气驱协同型储气库建库不同阶段产能预测

doi:10.7657/XJPG20220513

摘要/Abstract

摘要：

气驱协同型储气库建库不同阶段生产气油比差异大,多个阶段存在油气水三相复杂流动,目前计算储气库的多相产能一般是将油折算为气体当量,误差较大。在三相渗流微分方程基础上,引入油气水三相拟压力,建立了考虑气体高速非达西渗流影响的三相流产能计算方法,得到气驱阶段、协同建库阶段和储气库阶段的油相产能方程、气相产能方程及流入动态曲线,并与生产数据进行对比。结果表明：三相流产能计算方法计算的产量在储气库建库3个阶段的误差小于6.16%;当生产压差较小时,传统折算方法与三相流产能计算方法的计算结果接近;但是随着储气库建库阶段的发展,误差越来越大。三相流产能计算方法计算简便,精度较高,易于理解,可对协同型储气库建库不同阶段产能预测提供一定借鉴。

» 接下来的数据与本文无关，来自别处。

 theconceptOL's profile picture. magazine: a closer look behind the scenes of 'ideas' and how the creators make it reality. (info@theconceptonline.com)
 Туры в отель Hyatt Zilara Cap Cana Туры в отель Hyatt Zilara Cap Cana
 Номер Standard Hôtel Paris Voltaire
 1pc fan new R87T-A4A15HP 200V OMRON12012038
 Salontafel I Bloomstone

关键词: 协同型储气库, 气驱, 三相流, 产能方程, 拟压力, 流入动态曲线

Abstract:

In different stages of the collaborative construction of underground gas storage (UGS) and gas flooding, the produced gas-oil ratio (GOR) varies greatly, and the complex oil, gas and water three-phase flow occurs in several stages. Currently, the multiphase productivity of UGS is generally calculated by converting oil production to gas equivalent, which produces relatively large errors. On the basis of the three-phase flow differential equation, the three-phase pseudo pressures of oil, gas and water were introduced, and a three-phase flow productivity calculation method considering the influence of high-speed non-Darcy flow of gas was established. With the help of this method, the oil phase productivity equation, gas phase productivity equation, and inflow performance relationship (IPR) curve in gas flooding stage, collaborative construction stage, and UGS stage were obtained and then compared with production data. The results show that the productivity calculated by the three-phase flow productivity calculation method is less than 6.16% in each of the three stages. When the production pressure difference is small, the calculation results from the traditional conversion method and the three-phase flow productivity calculation method are close. However, with the progress of construction, the error of the traditional conversion method becomes larger. The three-phase flow productivity calculation method is simple, accurate, and operable. It is of guiding significance for predicting the productivities in different stages of collaborative construction of UGS and gas flooding.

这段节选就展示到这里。